• **PROBLEM DETAILS**
Leave the pictures out and quote only the lines from the one with "Ver imagem 3" down to the end of the listing below.

Start of Block

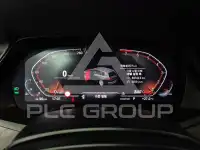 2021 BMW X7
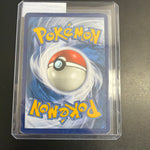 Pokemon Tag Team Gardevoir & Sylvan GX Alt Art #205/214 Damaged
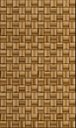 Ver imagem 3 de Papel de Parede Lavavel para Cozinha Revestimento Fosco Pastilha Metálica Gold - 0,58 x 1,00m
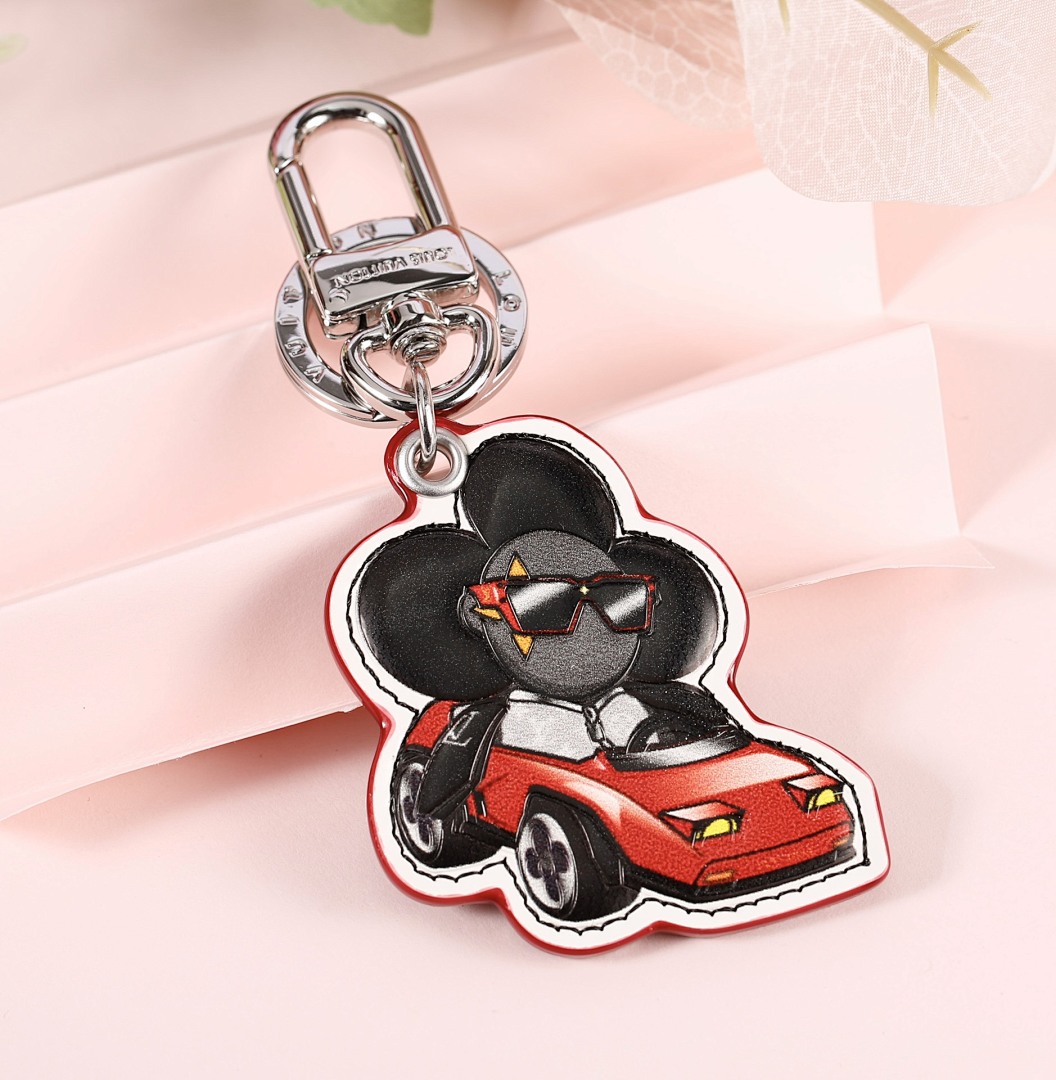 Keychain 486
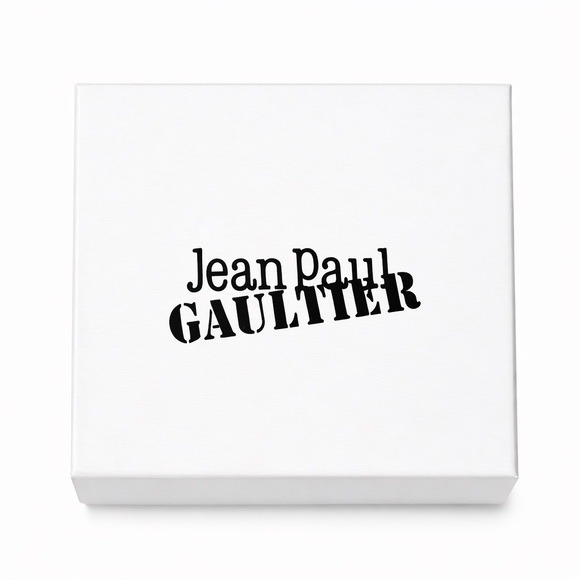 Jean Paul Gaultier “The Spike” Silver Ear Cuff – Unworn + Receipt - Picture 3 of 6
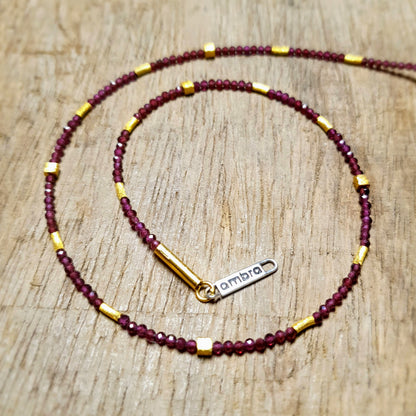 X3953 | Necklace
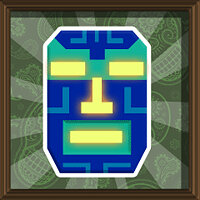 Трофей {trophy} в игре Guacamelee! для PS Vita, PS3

End of Block

• **WRITTEN ANSWER**
 Ver imagem 3 de Papel de Parede Lavavel para Cozinha Revestimento Fosco Pastilha Metálica Gold - 0,58 x 1,00m
 Keychain 486
 Jean Paul Gaultier “The Spike” Silver Ear Cuff – Unworn + Receipt - Picture 3 of 6
 X3953 | Necklace
 Трофей {trophy} в игре Guacamelee! для PS Vita, PS3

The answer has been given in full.